C'e da sottolineare come la modifica normativa dell'art. 2103 c.c. abbia influenzato in maniera significativa l'interpretazione giurisprudenziale dell'obbligo del repeghace.

 Infatti tale obbligo, anteriormente all'entrata in vigore della legge del 2015, era generalmente circoscritto, tranne casi di connotata gravità (quali la permanente impossibilità a rendere la prestazione lavorativa) entro il perimetro caratterizzato dalle mansioni equivalenti in concreto svolte dal lavoratore interessato.

A tale riguardo si osserva che la nuova disciplina di cui all'art. 2103, comma 2, c.c., secondo l'affermato orientamento giurisprudenziale, ha esteso la portata dell'obbligo di repechage, prevedendo l'onere del datore di lavoro, prima di procedere al licenziamento e nel caso in cui siano disponibili nell'ambito dell'assetto aziendale posti corrispondenti a mansioni inferiori, di proporre al lavoratore interessato la stipula di un patto di demansionamento ai sensi dell'art. 2103 c.c., con la conservazione del trattamento retributivo precedentemente goduto.

In tale prospettiva il recesso per soppressione del posto di lavoro deve considerarsi legittimo nei seguenti casi:

a) la parte datoriale abbia dimostrato di aver ricercato senza successo soluzioni alternative anche se comportanti l'adibizione del lavoratore a mansioni inferiori;

b) nel caso in cui il lavoratore interessato non le abbia accettate, in quanto confliggenti con le esigenze di tutela della propria professionalità.
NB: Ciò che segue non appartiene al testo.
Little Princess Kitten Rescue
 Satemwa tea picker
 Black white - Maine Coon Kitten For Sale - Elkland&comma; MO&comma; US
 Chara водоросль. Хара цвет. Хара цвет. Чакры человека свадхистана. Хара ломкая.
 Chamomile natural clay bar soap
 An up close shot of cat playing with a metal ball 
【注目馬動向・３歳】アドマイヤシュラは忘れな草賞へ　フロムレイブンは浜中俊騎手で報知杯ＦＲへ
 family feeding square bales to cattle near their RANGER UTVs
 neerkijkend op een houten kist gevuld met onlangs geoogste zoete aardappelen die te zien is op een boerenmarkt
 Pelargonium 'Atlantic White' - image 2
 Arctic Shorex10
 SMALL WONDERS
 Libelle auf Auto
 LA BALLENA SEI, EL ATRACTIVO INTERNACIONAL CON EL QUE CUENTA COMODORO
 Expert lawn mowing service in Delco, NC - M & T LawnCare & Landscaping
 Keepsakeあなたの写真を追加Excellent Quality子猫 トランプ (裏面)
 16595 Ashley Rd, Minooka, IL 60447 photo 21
Ciò parrebbe escludere, come sostenuto da parte della dottrina, che nella nuova disciplina dell'art. 2103 c.c. possa ravvisarsi, nel caso di soppressione del posto di lavoro, un vero e proprio obbligo datoriale di adibire il lavoratore a mansioni inferiori, ai sensi del secondo comma dello stesso articolo, necessitando all'uopo un patto individuale tra azienda e dipendente.